Diagram 1: Relational Digital Boundaries -- This model demonstrates in visual form the proposed relationships between Boundary Publics, Trading Zones, and Boundary Objects as theorized via queer community spaces on TikTok and Instagram.


These objects, zones, and publics are not merely the artifacts or concepts in and of themselves. They are also the systems and practices that surround them, the ideologies and ways of thinking that they espouse, and the networks and relationships they form between individuals who interact with them. 

If you’ve found yourself tumbling down the rabbit hole of #queerantine or #lesbihonest — or recognize five ways in which a photo of Sarah Paulson has been made into a queer meme, you know you’ve found yourself involved in a digital queer exchange.

Carving Out Queer Communities Within TikTok and Instagram

As boundary publics, TikTok and Instagram are fleetingly queered or can act as separate queer spaces, such as a private account or queer content account with the option to remain anonymous or made separate from another personal account. Instagram accounts like @hotmessbian, @homosmodernlife, @lgbt_history, @lesbianherstoryarchives, and @godimsuchadyke have tens or hundreds of thousands of followers and span content from humor to history, but also from educational content to popular entertainment. These accounts offer a devoted space for queer amalgamation in a public arena while still allowing users to select how much information they want to share about themselves. 

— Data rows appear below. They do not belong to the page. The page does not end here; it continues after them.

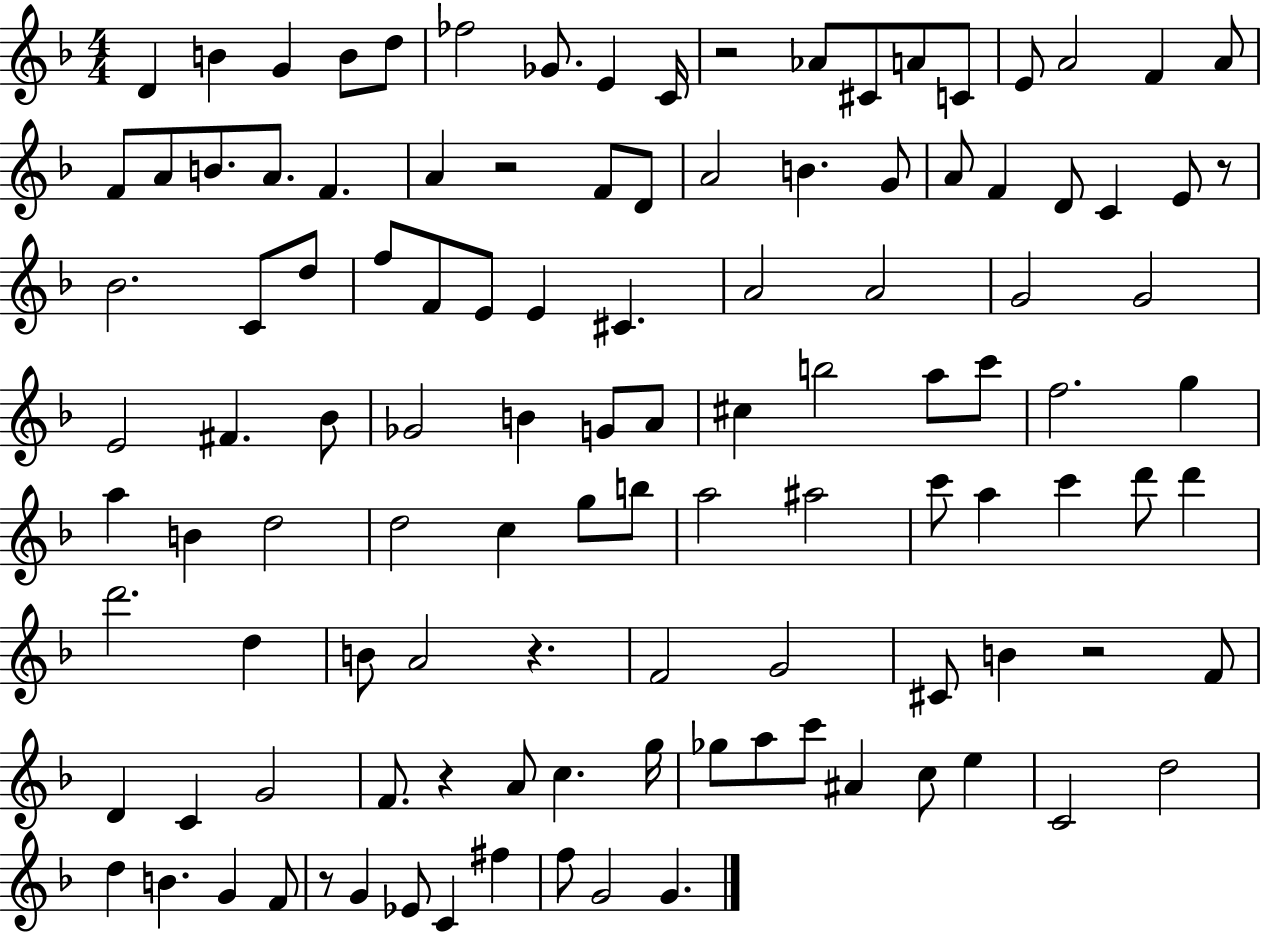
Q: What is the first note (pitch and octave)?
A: D4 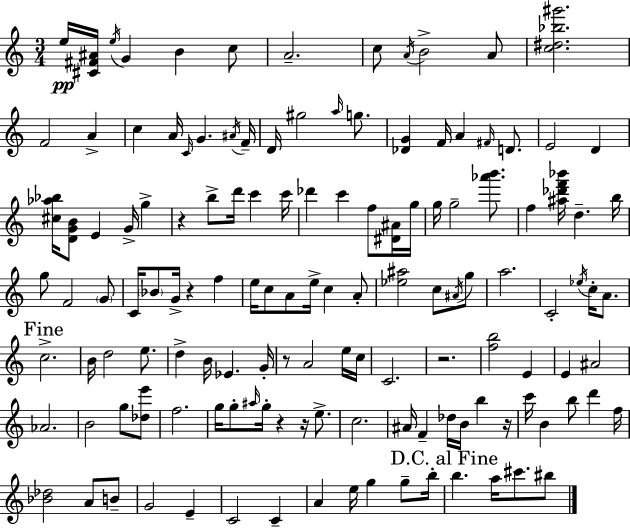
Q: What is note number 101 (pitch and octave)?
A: A4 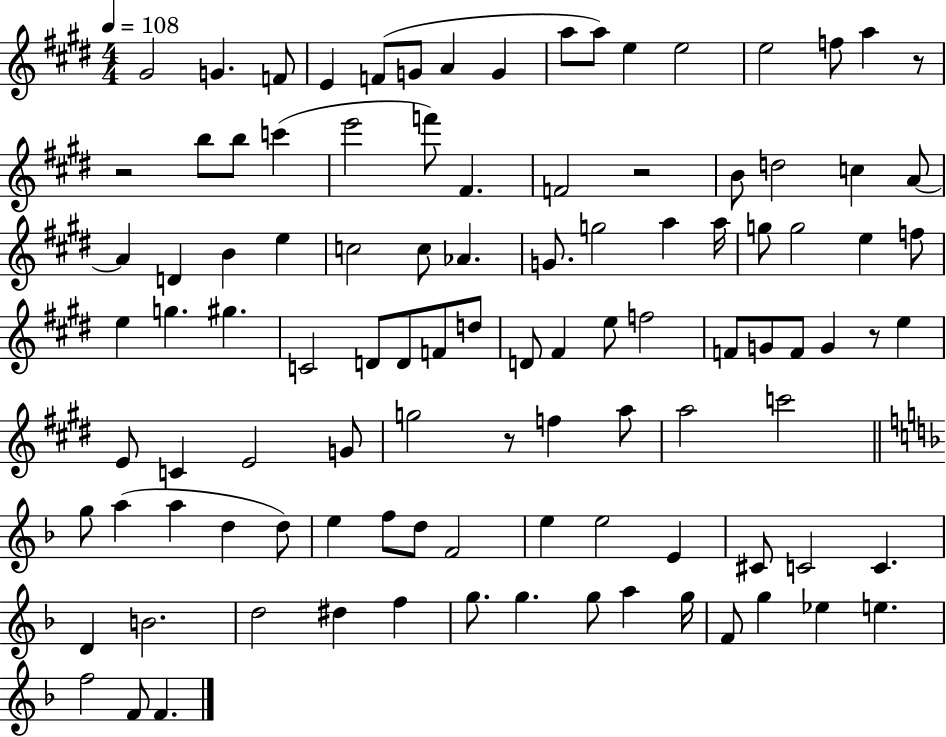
{
  \clef treble
  \numericTimeSignature
  \time 4/4
  \key e \major
  \tempo 4 = 108
  gis'2 g'4. f'8 | e'4 f'8( g'8 a'4 g'4 | a''8 a''8) e''4 e''2 | e''2 f''8 a''4 r8 | \break r2 b''8 b''8 c'''4( | e'''2 f'''8) fis'4. | f'2 r2 | b'8 d''2 c''4 a'8~~ | \break a'4 d'4 b'4 e''4 | c''2 c''8 aes'4. | g'8. g''2 a''4 a''16 | g''8 g''2 e''4 f''8 | \break e''4 g''4. gis''4. | c'2 d'8 d'8 f'8 d''8 | d'8 fis'4 e''8 f''2 | f'8 g'8 f'8 g'4 r8 e''4 | \break e'8 c'4 e'2 g'8 | g''2 r8 f''4 a''8 | a''2 c'''2 | \bar "||" \break \key d \minor g''8 a''4( a''4 d''4 d''8) | e''4 f''8 d''8 f'2 | e''4 e''2 e'4 | cis'8 c'2 c'4. | \break d'4 b'2. | d''2 dis''4 f''4 | g''8. g''4. g''8 a''4 g''16 | f'8 g''4 ees''4 e''4. | \break f''2 f'8 f'4. | \bar "|."
}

The creation of these queer social media spaces allows for self-exploration and identity validation through that self-guided exploration. This is all made available with only an Internet connection and a digital web-enabled device. The experience is co-created between the singular user and a multitude of account holders, allowing for different forms of engagement based on the user’s desired level of public-facing interaction. Furthermore, these queer spaces appropriate platforms that are not conventionally intended to foster the identities of queer people of color due to both algorithmic bias and innate platform intention. For instance, both TikTok and Instagram have been known for shadowbanning queer content, but creators find inventive ways to circumvent these bans. As such, creators are able to utilize both platforms as boundary publics to make queerness visible in a public space while simultaneously remaining engaging and relatable.

Exchanging Content and Creating Your Own Digital Corner

Both TikTok and Instagram have their own versions of the comments section and the FYP (known as the “Explore” Page on Instagram), but they act as trading zones in similar ways. While neither is strictly a queer space, per se, the way in which shared concepts of queerness are created, transmitted, and perpetuated is frequently through one of these two zones. Furthermore, the comments section and the FYP act as trading zones specifically for queer people of color because of their popularity and opportunity for trading, while other communities may more openly trade in places such as forums or offline spaces because of societal acceptability. The functions of comment sections and FYPs as trading zones also commonly work in tandem, with meaning and connections established in the comments and then later propagated through FYPs.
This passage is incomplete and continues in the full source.